Parenting is tough. Your friends who had kids before you tried to explain this. On those Sundays where you slept in until midday after drinking and eating anything you wanted the night before. After you went another month without using your gym membership. After you wasted all the wonderful time and expendable income you frittered away on things you never wore or used.
They told you what it was like once you had to care for a small human and keep it alive.
And you thought they were exaggerating. Or being dramatic.
Then you had a child of your own and realised they were right and you wasted all that time you had before. All the opportunity to chase the things you wanted.
But you didn’t know what you wanted then.
You thought you wanted children.
You know how awful the world is. You know it’s unsafe. War and disease are met with a shrug of the shoulders or a roll of the eyes when they should be devastating. Real-life bullying is now accompanied by cyberbullying. Everyone feels awful and anxious and they don’t know why.
You brought a child into it anyway.
And your friends tell you about the terrible twos. You don’t believe it.
The gut-wrenching fear and dislocation of their first day at school. You don’t believe it.
How much the child you are doing your best for will make you feel like you are the worst person in the world. How they will become unmanageable in their teen years. You don’t know how a parent could call their own offspring a ‘little shit’. You will feel like a failure. Yet you won’t give up.
Eventually, they will leave. And that thing that has terrorised you for two decades will suddenly leave a great hole in your life.
What do you do now?
What do you want?
Mr Conroy, what do you want?
I want my daughter to thrive. To be the person she wants. To be respectful. To keep the Lord in her heart. To not forget her mother.
And Mrs Conroy?
You do the best you can fo
r somebody else, every day. Their existence proves to you that there must be a God. You hope that you are doing the right thing. You’ve made hard decisions and you have disciplined where needed, even when it has hurt you. A lot has hurt you.
Then they leave. And it hurts you.
You put everything into them, and now you must find out who you are again.

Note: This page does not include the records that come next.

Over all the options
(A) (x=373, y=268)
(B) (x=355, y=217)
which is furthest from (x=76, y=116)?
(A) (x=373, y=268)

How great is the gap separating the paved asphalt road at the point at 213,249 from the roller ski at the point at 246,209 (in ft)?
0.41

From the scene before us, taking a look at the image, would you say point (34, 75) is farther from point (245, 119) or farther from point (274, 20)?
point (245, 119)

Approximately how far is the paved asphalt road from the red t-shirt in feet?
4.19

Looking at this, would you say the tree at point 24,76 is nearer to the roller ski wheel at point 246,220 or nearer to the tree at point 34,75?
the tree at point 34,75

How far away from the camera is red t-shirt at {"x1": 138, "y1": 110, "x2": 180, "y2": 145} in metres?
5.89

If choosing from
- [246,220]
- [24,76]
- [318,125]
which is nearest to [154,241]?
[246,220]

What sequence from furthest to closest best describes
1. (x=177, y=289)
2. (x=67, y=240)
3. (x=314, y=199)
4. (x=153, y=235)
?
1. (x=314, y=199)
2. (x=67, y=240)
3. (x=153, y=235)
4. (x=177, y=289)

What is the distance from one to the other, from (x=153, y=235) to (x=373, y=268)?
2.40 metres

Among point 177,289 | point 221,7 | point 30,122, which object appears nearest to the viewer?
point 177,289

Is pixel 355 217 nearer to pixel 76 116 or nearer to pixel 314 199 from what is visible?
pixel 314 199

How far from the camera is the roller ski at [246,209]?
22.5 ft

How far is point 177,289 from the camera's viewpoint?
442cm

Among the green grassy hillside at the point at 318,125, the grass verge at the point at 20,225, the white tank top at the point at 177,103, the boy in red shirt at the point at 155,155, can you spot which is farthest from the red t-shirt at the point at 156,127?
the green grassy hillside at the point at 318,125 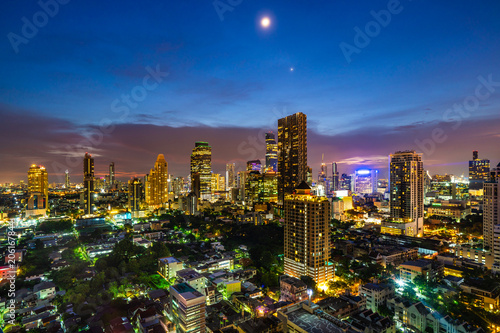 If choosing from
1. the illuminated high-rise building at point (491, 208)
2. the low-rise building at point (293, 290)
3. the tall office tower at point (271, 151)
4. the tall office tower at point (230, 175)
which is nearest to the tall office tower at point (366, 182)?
the tall office tower at point (271, 151)

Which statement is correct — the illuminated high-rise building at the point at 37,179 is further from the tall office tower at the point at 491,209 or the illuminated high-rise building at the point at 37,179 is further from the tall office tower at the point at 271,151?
the tall office tower at the point at 491,209

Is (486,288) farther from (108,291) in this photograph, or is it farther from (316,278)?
(108,291)

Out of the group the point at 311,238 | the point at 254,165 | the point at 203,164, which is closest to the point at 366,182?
the point at 254,165

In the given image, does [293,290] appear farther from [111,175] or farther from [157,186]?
[111,175]

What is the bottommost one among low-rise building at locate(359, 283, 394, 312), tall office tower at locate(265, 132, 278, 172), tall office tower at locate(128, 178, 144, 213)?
low-rise building at locate(359, 283, 394, 312)

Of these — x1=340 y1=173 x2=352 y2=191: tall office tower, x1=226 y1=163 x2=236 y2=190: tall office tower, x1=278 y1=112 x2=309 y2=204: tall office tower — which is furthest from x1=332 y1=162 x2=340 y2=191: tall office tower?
x1=278 y1=112 x2=309 y2=204: tall office tower

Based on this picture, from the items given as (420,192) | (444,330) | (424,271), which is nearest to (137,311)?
(444,330)

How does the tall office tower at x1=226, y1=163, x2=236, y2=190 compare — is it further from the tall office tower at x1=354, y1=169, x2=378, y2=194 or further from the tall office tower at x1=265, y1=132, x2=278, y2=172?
the tall office tower at x1=354, y1=169, x2=378, y2=194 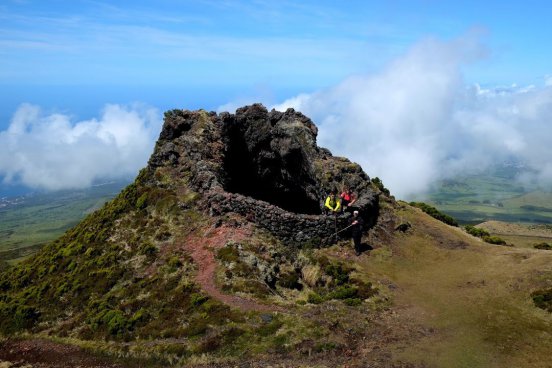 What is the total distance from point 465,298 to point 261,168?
41.5 m

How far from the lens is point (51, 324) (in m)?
42.5

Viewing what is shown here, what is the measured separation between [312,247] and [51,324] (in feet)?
89.5

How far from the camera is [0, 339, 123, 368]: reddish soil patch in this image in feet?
112

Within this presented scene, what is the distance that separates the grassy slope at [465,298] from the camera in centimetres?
2752

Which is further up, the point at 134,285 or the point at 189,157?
the point at 189,157

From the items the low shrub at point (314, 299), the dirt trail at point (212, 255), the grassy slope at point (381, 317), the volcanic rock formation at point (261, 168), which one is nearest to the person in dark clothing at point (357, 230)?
the grassy slope at point (381, 317)

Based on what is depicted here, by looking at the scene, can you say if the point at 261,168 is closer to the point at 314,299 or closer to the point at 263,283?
the point at 263,283

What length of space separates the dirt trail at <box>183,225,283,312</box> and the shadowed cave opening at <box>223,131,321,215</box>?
17043 mm

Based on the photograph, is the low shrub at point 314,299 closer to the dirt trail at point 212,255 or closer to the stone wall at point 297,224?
the dirt trail at point 212,255

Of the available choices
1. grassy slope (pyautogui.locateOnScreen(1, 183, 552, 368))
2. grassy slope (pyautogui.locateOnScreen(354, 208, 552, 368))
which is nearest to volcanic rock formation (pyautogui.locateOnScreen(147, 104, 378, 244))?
grassy slope (pyautogui.locateOnScreen(1, 183, 552, 368))

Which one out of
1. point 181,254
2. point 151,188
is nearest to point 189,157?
point 151,188

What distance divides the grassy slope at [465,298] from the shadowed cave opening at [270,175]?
18327mm

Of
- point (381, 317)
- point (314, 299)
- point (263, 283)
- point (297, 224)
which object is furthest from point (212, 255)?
point (381, 317)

I want something that is mine, something for myself.
Something bigger than being a mother.
I want a message from God.
SIX
The people who lived at The Beresford did not belong. They had that in common. The kind of people who wanted to sit in the centre of the circle but existed on the side of a square. They were outside. They floated on the periphery.
They weren’t outcasts. They hadn’t been banished. They weren’t weird. They just didn’t quite fit.

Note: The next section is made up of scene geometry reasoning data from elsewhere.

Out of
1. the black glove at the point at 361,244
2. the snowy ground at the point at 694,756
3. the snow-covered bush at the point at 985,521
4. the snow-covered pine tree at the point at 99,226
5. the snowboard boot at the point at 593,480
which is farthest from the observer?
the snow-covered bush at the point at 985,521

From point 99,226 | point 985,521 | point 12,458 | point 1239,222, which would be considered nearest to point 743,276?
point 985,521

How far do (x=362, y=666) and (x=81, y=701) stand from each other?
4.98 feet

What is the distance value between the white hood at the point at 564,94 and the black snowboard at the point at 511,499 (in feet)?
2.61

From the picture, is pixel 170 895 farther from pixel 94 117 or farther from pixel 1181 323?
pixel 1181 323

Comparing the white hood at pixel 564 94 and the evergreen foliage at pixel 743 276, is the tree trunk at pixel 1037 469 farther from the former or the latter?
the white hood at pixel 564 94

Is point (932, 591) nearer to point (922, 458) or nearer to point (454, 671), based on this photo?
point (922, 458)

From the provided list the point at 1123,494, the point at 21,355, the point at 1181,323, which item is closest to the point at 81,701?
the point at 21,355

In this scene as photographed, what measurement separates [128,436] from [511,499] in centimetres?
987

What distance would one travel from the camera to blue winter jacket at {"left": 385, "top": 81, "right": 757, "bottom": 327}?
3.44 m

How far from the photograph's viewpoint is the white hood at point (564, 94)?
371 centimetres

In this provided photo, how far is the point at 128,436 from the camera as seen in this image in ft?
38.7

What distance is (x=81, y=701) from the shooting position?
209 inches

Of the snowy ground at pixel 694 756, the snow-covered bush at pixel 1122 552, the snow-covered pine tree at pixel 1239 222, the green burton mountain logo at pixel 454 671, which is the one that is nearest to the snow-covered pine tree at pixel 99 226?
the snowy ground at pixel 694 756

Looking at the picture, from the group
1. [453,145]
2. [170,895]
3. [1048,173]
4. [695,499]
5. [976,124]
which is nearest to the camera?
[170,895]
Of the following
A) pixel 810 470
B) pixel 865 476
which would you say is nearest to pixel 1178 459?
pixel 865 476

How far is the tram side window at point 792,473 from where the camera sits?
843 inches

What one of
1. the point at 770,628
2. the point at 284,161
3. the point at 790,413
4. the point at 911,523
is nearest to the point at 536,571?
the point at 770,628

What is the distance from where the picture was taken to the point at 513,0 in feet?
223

Something wasn’t tessellating with them and the world. They weren’t living up to their parents’ expectations or their own view of what life should be. Gail knew that a marriage should not come with a physically abusive husband. Abe wanted to use his technology on the Sabbath, and, while he was there, he didn’t feel the need for a Sabbath. That segregated him from his family. Blair was a secular girl in a devout world, and Sythe was a boring narcissist.
Each of them, and those before, were trying to run from their own personal hell. The Beresford was their escape.
Their halfway house.
Their waiting room.
Their Purgatory.
Aubrey was different. She was solid. She came from good stock. Hard-working and devoted parents. Her father hadn’t adhered to the healthiest of lifestyles and he worked more hours than was ideal, but that did not detract from his loyalty to his family or the time he spent with them.
There was no abuse. She was disciplined, but it was appropriate. She was not neglected in favour of her younger brother. There was always encouragement. Aubrey became the woman she wanted to be. Strong, striking and independent. She was eased towards a position in the family business, but there were no hard feelings when she decided to go at things alone.